Plaques made from old spinning reels, dedicated to ‘forgotten’ female millworkers, are part of a major exhibition at Salts Mill, Saltaire, featuring artists from around the world exploring the relationship between cloth and memory.

The exhibition explores how our earliest memories resonate with fabric, from the touch of a blanket to a particular print reminding us of childhood.

“In the fabric we wear close to our skin, or touch in daily life, we leave a memory or a trace of ourselves behind,” said curator Lesley Millar.

Called Cloth and Memory, the exhibition features more than 20 artists using photography, archive material, new technologies, found objects, poetry and performance, and is in the original Spinning Room, once said to be the largest industrial room in the world.

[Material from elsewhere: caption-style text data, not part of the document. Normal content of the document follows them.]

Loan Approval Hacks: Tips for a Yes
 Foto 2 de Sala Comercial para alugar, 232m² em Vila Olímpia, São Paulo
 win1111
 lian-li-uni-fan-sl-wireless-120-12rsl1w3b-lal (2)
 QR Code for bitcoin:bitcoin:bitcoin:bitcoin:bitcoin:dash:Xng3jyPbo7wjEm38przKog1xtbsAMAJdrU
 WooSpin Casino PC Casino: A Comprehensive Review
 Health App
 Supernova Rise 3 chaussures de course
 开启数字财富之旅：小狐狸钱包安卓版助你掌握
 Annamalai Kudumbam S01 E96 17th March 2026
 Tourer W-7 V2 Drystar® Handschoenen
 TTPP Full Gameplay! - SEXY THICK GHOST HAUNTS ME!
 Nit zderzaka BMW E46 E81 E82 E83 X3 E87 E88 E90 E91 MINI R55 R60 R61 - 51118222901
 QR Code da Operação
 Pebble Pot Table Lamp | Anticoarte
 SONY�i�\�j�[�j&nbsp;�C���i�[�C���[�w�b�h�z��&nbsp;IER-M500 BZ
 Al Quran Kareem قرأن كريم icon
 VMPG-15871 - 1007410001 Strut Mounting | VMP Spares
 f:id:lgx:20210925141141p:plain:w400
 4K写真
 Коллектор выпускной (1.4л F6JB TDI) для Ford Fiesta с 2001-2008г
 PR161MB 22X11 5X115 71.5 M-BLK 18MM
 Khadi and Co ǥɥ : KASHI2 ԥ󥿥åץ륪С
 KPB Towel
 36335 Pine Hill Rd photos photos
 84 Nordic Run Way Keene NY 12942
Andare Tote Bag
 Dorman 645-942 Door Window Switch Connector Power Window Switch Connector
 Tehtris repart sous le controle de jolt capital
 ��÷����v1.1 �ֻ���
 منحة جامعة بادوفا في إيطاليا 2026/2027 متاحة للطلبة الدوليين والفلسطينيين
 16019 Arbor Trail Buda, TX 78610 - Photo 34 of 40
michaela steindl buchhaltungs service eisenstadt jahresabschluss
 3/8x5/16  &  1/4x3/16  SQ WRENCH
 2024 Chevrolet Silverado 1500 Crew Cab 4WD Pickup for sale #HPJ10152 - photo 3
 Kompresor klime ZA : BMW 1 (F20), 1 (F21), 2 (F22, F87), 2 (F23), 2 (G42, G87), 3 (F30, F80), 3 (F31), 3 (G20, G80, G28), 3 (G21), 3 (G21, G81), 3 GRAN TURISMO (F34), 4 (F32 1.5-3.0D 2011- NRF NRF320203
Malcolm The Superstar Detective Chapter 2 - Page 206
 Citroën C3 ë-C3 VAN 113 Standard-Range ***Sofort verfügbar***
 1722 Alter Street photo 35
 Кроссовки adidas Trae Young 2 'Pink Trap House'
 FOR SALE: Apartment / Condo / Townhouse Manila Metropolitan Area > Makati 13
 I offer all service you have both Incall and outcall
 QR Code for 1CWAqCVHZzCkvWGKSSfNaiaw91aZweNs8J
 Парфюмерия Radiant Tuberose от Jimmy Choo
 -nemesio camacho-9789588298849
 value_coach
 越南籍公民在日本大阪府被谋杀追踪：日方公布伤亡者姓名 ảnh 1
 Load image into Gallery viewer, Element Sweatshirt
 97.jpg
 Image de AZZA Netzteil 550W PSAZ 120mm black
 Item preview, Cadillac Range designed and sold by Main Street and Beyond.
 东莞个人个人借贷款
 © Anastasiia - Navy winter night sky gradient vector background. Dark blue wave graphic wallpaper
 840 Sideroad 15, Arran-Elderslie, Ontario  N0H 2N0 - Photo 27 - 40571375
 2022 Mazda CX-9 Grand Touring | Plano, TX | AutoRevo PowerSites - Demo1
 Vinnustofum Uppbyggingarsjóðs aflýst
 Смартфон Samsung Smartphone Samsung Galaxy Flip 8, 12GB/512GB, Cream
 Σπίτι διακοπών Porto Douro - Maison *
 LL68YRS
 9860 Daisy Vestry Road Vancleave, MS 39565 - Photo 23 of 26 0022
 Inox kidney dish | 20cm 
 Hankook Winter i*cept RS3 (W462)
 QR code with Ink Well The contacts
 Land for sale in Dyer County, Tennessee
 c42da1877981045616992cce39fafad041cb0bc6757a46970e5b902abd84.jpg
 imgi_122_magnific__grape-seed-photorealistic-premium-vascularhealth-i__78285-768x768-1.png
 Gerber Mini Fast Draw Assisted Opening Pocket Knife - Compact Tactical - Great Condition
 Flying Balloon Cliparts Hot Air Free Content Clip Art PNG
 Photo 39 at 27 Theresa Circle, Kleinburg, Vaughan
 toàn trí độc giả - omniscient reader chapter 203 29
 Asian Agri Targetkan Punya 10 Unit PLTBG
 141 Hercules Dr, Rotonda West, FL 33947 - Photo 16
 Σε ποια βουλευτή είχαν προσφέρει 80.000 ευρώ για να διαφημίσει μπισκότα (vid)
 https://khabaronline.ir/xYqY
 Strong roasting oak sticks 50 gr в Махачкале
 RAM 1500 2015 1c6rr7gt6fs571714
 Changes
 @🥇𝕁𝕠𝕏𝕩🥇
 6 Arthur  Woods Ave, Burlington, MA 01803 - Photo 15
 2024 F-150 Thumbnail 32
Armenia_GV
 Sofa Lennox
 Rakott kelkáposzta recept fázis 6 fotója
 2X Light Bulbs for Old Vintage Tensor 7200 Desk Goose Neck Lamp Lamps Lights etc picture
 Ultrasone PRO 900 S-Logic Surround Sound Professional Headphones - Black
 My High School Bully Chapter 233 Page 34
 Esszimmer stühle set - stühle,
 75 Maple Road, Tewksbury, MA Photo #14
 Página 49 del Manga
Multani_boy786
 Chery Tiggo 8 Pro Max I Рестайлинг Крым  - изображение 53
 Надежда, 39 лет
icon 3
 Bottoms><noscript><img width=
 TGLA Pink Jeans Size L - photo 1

Using the 1891 Census, artist Caren Garfen has embroidered white plaques onto vintage wooden reels. Each plaque commemorates the ‘unnoticed women’ who worked at the mill, and tells something of their life.

Local artist Reece Clements was inspired by his great-grandmother and great-great grandmother who worked in spinning at Salts Mill.

Other artists recorded interviews with former millworkers and used archive photographs from Bradford Industrial Museum of millworkers in Saltaire and mill-owners at Bradford’s Wool Exchange.

Organisers are appealing for people to donate old mirrors for an installation by Japanese artist Yoriko Yoneyama comprising 30 mirrors and a web of cooked rice gently pressed on fine cotton thread. The artist is seeking 30 old mirrors, of any size or period, which will be returned at the end of the exhibition.

Cloth and Memory, running from August 18 to November 3, is supported by organisations including the University for the Creative Arts, which provides a platform for contemporary craft, Arts Council England and Salts Mill.